Inertial navigation systems (INS) are used in civil and military aviation, missiles and other projectiles, submarines and space technology as well as a number of other vehicles. INSs measure the position and attitude of a vehicle by measuring the accelerations and rotations applied to the system's inertial frame. INSs are widely used because it refers to no real-world item beyond itself. It is therefore resistant to jamming and deception.
An INS may consist of an inertial measurement unit combined with control mechanisms, allowing the path of a vehicle to be controlled according to the position determined by the inertial navigation system. An inertial measurement unit contains instruments for position monitoring. Often typical INS uses a combination of accelerometers and any number of control devices.
INSs have typically used either gyrostablized platforms or ‘strapdown’ systems. The gyrostabilized system allows a vehicle's roll, pitch and yaw angles to be measured directly at the bearings of gimbals. The INS is traditionally rotated using electromagnetic motors on a ball bearing supported gimbal axis. A disadvantage of this scheme is that it employs multiple expensive precision mechanical parts. It also has moving parts that can wear out or jam, and is vulnerable to gimbal lock. In addition, for each degree of freedom another gimbal is required thus increasing the size and complexity of the INS. Therefore, to get complete three dimensional calibration, at least three gimbals is needed.

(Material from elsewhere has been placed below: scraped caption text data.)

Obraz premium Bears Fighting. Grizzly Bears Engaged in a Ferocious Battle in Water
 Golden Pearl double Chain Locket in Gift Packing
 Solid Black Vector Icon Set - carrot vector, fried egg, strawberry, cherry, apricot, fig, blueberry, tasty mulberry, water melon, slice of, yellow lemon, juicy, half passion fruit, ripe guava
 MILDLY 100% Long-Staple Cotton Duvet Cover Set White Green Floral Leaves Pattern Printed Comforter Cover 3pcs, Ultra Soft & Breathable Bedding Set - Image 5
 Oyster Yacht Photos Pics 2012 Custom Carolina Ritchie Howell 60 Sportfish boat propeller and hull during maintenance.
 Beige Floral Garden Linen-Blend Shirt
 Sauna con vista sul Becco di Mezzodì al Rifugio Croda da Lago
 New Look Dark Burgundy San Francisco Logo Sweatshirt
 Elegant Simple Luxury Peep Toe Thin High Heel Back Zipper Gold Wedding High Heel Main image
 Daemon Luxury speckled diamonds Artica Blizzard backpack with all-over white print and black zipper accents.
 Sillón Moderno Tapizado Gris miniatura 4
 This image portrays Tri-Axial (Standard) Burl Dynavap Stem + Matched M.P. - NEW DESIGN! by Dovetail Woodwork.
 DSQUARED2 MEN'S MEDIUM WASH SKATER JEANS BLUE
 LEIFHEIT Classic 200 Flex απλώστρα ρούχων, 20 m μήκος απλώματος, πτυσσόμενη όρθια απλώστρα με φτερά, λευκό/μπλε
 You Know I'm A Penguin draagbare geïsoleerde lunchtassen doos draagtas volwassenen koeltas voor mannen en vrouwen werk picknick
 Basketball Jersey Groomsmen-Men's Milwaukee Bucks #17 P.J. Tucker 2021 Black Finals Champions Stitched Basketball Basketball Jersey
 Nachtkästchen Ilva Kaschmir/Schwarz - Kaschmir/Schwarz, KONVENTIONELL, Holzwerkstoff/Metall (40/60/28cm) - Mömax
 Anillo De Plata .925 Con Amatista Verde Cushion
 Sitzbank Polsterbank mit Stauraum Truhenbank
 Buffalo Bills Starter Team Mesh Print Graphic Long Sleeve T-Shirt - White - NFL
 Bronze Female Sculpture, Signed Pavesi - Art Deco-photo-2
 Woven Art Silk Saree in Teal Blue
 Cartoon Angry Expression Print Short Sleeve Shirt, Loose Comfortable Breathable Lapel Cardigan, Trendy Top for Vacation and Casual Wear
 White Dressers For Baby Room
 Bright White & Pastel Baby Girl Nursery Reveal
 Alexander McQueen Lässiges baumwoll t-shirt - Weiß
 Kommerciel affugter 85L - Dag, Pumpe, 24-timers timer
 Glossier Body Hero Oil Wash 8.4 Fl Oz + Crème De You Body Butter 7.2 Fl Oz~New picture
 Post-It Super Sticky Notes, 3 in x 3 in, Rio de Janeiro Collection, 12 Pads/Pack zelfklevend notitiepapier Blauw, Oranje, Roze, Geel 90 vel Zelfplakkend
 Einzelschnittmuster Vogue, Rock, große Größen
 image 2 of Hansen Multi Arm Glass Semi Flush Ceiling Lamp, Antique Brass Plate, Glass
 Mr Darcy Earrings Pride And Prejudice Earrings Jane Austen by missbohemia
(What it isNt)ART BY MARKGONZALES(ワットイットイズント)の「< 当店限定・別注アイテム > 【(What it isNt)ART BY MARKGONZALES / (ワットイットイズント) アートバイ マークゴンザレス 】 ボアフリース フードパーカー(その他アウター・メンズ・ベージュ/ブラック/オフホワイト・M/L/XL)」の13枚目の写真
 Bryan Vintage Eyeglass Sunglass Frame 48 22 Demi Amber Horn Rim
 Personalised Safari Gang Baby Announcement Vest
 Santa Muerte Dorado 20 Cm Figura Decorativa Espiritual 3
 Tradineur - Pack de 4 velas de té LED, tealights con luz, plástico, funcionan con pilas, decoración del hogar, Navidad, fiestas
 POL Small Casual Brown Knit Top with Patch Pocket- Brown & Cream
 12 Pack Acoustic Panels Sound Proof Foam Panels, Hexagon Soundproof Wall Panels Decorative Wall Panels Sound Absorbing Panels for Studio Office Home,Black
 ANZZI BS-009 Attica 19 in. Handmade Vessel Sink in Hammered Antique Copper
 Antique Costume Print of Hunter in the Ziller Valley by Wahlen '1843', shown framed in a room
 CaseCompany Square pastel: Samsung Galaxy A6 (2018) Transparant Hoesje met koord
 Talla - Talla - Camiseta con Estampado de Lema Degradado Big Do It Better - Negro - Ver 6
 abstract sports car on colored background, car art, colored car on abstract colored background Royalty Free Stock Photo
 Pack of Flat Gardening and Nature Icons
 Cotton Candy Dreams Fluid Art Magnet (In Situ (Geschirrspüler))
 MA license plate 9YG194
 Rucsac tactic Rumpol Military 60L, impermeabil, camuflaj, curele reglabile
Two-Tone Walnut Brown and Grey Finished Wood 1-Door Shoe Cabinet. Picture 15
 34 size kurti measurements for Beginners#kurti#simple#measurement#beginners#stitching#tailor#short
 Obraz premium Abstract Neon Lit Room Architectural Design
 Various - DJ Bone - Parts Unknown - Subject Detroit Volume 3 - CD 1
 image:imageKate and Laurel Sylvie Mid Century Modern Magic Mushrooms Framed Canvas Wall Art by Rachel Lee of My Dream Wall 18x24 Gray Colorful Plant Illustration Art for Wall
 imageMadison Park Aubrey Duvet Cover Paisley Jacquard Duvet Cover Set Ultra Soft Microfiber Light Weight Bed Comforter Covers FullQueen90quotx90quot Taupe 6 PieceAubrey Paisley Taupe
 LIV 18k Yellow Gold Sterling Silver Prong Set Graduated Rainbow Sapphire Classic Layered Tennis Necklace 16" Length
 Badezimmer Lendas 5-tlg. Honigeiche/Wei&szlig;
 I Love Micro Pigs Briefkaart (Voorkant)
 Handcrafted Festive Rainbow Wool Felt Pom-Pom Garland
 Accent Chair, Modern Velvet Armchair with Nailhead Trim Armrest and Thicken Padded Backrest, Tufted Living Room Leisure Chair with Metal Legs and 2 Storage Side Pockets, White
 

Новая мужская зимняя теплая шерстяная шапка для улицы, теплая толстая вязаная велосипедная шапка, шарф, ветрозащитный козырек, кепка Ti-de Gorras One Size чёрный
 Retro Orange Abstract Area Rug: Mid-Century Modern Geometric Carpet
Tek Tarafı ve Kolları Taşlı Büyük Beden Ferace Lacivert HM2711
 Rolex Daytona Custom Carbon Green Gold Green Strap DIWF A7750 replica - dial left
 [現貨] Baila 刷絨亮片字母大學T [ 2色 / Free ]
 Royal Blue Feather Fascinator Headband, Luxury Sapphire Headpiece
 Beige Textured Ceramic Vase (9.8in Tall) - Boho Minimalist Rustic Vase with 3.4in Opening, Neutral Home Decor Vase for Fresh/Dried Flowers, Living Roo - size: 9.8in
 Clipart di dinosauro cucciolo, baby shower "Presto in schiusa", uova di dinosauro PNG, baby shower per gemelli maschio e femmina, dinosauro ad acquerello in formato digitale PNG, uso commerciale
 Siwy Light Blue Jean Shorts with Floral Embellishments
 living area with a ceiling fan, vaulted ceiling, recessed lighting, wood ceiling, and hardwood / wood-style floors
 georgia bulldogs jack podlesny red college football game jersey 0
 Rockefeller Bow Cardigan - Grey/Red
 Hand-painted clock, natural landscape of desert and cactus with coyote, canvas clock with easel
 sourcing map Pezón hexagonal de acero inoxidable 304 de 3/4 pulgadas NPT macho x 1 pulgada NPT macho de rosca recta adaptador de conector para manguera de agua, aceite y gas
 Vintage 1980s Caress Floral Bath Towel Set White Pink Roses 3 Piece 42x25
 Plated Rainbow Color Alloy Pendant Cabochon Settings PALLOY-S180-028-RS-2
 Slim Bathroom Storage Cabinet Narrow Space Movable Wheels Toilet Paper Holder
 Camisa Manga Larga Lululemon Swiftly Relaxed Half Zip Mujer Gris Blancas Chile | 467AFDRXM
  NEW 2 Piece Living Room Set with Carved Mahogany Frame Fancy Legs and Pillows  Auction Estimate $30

INSs require periodic rotation to calibrate instruments. There is a need for rotational control of INSs without the use of conventional torque motors eliminating complex parts that add weight, size and cost to the INS assembly. A traditional method of rotating an INS for calibration is to torque it about an axis using electromagnetic motors on a ball bearing supported gimbal axis. A disadvantage of this method is that it employs multiple expensive precision mechanical parts. It also has moving parts that can wear out or jam, and is vulnerable to gimbal lock. Another problem of this system is that for each degree of freedom another gimbal is required thus increasing the size of the inertial system.
INSs using ball bearing supported gimbals typically contain embedded instrumentation, such as acceleromaters. In these systems, data from the instrumentation supported by the gimbals is communicated to other systems through moving contact devices, such as slip rings, which provide a constant electrical channel for data without restricting the movement of the inertial sensor assembly. However, slip rings, like ball bearing supported gimbals, are moving physical structures subject to wear and therefore represent a potential failure point for an inertial navigation system, or other system. Data signals communicated through slip rings also suffer from noise interference and low bandwidth. The embedded instrumentation also limits the full rotational capacity of the INS due to the physical constraints of the connection.
Another type of inertial navigation system is one that floats a sensor assembly with neutral buoyancy in a fluid. This method requires an extremely complex assembly, sensitive temperature control and obvious sealing challenges that add considerably to the cost of deployment and maintenance. Also, many of these fluids are hazardous or require a high degree of purity.
Inertial navigation systems which use spherical gas bearings typically require very tight tolerances on the surrounding support shell. These tight tolerances increase the cost of the system and limit the design flexibility of the system.
For the reasons stated above and for other reasons stated below which will become apparent to those skilled in the art upon reading and understanding the present specification, there is a need in the art for a guidance system which is inexpensive and easy to move in all directions for calibration without having parts that wear out or require extensive maintenance.